Image-Based Food Calorie Estimation Using Recipe Information

Takumi EGE  Keiji YANAI  

IEICE TRANSACTIONS on Information and Systems   Vol.E101-D   No.5   pp.1333-1341
Publication Date: 2018/05/01
Online ISSN: 1745-1361
DOI: 10.1587/transinf.2017MVP0027
Type of Manuscript: Special Section PAPER (Special Section on Machine Vision and its Applications)
Category: Machine Vision and its Applications
food image recognition,  image-based food calorie estimation,  convolutional neural network,  multi-task CNN,  

Full Text: PDF(2.7MB)
>>Buy this Article

Recently, mobile applications for recording everyday meals draw much attention for self dietary. However, most of the applications return food calorie values simply associated with the estimated food categories, or need for users to indicate the rough amount of foods manually. In fact, it has not been achieved to estimate food calorie from a food photo with practical accuracy, and it remains an unsolved problem. Then, in this paper, we propose estimating food calorie from a food photo by simultaneous learning of food calories, categories, ingredients and cooking directions using deep learning. Since there exists a strong correlation between food calories and food categories, ingredients and cooking directions information in general, we expect that simultaneous training of them brings performance boosting compared to independent single training. To this end, we use a multi-task CNN. In addition, in this research, we construct two kinds of datasets that is a dataset of calorie-annotated recipe collected from Japanese recipe sites on the Web and a dataset collected from an American recipe site.
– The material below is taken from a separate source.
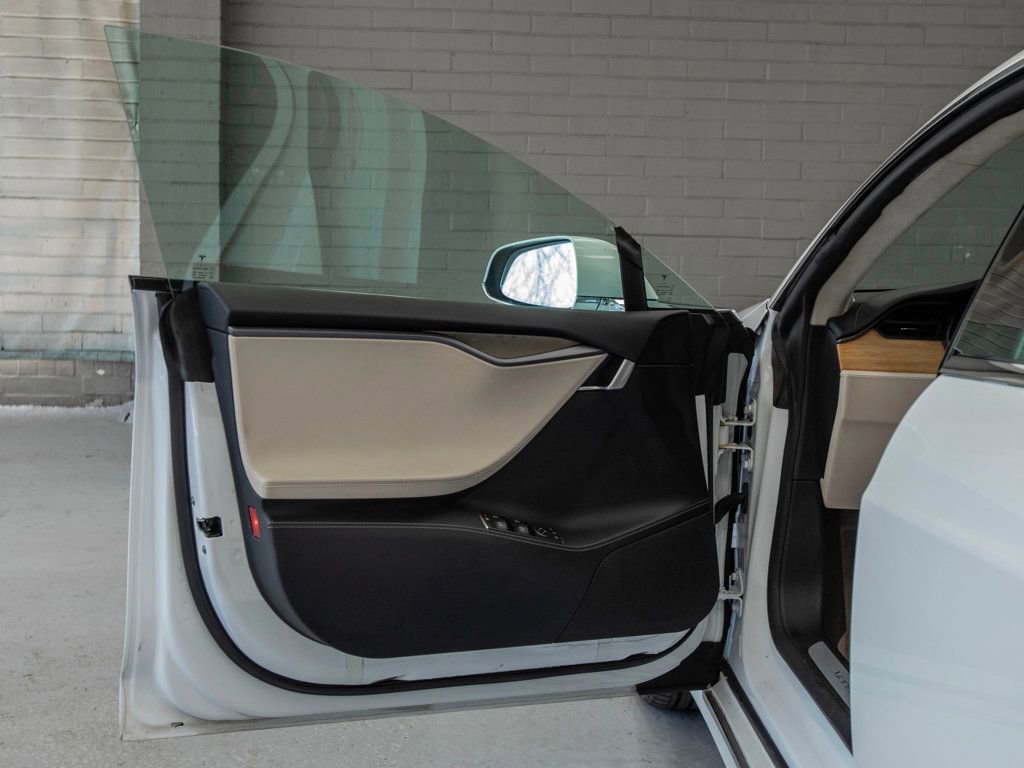 Used 2019 Tesla Model S Performance image 28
In the experiments, we trained both multi-task and single-task CNNs, and compared them. As a result, a multi-task CNN achieved the better performance on both food category estimation and food calorie estimation than single-task CNNs. For the Japanese recipe dataset, by introducing a multi-task CNN, 0.039 were improved on the correlation coefficient, while for the American recipe dataset, 0.090 were raised compared to the result by the single-task CNN. In addition, we showed that the proposed multi-task CNN based method outperformed search-based methods proposed before.